Cleveland Plain Dealer: Ohio’s false statement law impedes political discourse

By Scott Blackburn

In the recent unanimous Supreme Court decision, Susan B. Anthony List v. Driehaus, the court expressed deep skepticism about this type of political gamesmanship and ruled that a lower court erred in refusing to even consider whether the law is unconstitutional. The law, quite simply, puts bureaucrats (whose salaries are controlled by incumbents) in a position of declaring the validity of ads run against their bosses in the General Assembly or in the governor’s mansion. The court case was about the right of individuals to defend themselves from efforts to silence their speech.

But the reason these abusive campaign tactics occur in the first place is because the law requires that regulators accomplish an almost impossible task – arbitrating truth from falsehood in some of our nation’s oldest and most divisive political debates. What chance is there that a bureaucrat can get it right?
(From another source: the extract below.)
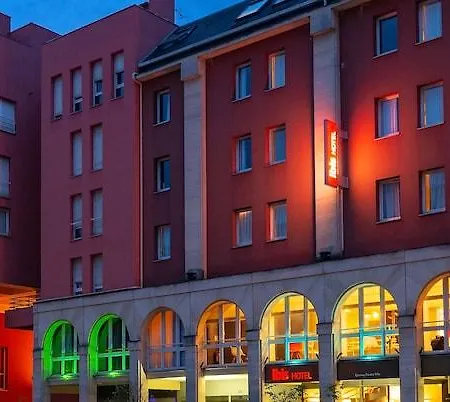 Ibis Centre Hotel 3*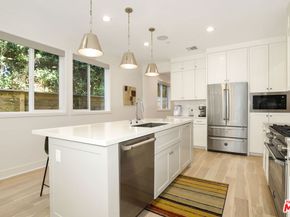 1741 S S Marvin Ave, Los Angeles CA 90019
Even the so-called “experts” at determining political truths often fail.

In 2012, PolitiFact, a site whose sole purpose is to reveal factual inaccuracies made by politicians, rated President Barack Obama’s claim that, “If you’re one of the more than 250 million Americans who already have health insurance, you will keep your health insurance,” as Half True.  In 2013, an almost identical claim received PolitiFact’saward for “Lie of the year.” Was the president’s statement false? If the question had been brought before the Ohio Elections Commission in 2012, how would it have ruled? Would the commission have changed its ruling a year later?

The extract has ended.